You already at 100k miles?! You have platinum tipped spark plugs and thats how long they last, but if you are already there, you will need an intake gasket, and a throttle gasket (DO NOT UNDER ANY CIRCUMSTANCE CLEAN THE THROTTLE "WHILE YOU ARE HERE" OR EVER). You will need to remove the intake boot (2 band clamps, and a hose connected to the valve cover), then the throttle, (4 8mm bolts and a connector) just move it out of the way, you don't have to dissconnect the coolant lines, then there is a 10mm bolt behind the throttle, take that out. Take off hose off the purge control valve, then disconnect the purge control valve. On the back of the intake towards cylinder 1 there is another 10mm bolt, remove it. Remove the 2 hoses that are there too. Then on the front of the intake, remove the dipstick, then the 5 10mm bolts. And pull it out. Be sure to replace the gaskets before you go back on. Don't forget the 10mm bolt behind the throttle when going back together, it happens all too often.


----------



## danus31 (Aug 10, 2009)

*Help - new to this site?*

How do you start a new post? I just got the free version of this...do you need to pay $ to start new questions?

Thank you

d


----------



## blownb310 (Jun 10, 2002)

PbLead said:


> You already at 100k miles?! You have platinum tipped spark plugs and thats how long they last, but if you are already there, you will need an intake gasket, and a throttle gasket (DO NOT UNDER ANY CIRCUMSTANCE CLEAN THE THROTTLE "WHILE YOU ARE HERE" OR EVER). You will need to remove the intake boot (2 band clamps, and a hose connected to the valve cover), then the throttle, (4 8mm bolts and a connector) just move it out of the way, you don't have to dissconnect the coolant lines, then there is a 10mm bolt behind the throttle, take that out. Take off hose off the purge control valve, then disconnect the purge control valve. On the back of the intake towards cylinder 1 there is another 10mm bolt, remove it. Remove the 2 hoses that are there too. Then on the front of the intake, remove the dipstick, then the 5 10mm bolts. And pull it out. Be sure to replace the gaskets before you go back on. Don't forget the 10mm bolt behind the throttle when going back together, it happens all too often.
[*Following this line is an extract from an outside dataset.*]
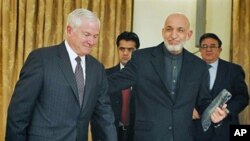 Defense Secretary Robert Gates (L) is escorted by Afghan President Hamid Karzai after a joint press conference at the presidential palace in Kabul, 08 Dec 2010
Excellent reply. Thank you *very* much for the detailed description of the procedure to check/replace spark plugs. Wow the car companies are really going to great lengths in designing their products so the owners can't/won't work on them. That's nothing new, but it seems like it just keeps getting more extreme every year. 

Mike


----------



## PbLead (Aug 8, 2009)

Well it's a new engine design, nissan like all typical japanese manufacturers likes, to put the exhaust at the front of the car, they changed it for the MR engine series. They have limited engine space so they had to put it on the top. Putting the intake in front of the engine, wasn't exactly practical.


----------



## vijay (Aug 11, 2009)

hey how do i post a question? im new on this


----------



## ranger81 (Jul 2, 2009)

vijay said:


> hey how do i post a question? im new on this


If you wish to post a question in this thread click reply and type your ? in the box and click submit reply. Easy as falling off a log. :banana:

danus, go to b16 home page click new topic, type away and click submit. No money needed unless you want to send me some.......


----------



## vijay (Aug 11, 2009)

*E15 engine*

hey ive got a stock E15 engine in a b12 sentra, can i just install the E15 turbo to it without doing any changes, like changing pistons etc? or will i have to make changes before I install the turbo?


----------



## soundman (May 1, 2004)

you might want to go to the b11/b12/b13 section witht that question


----------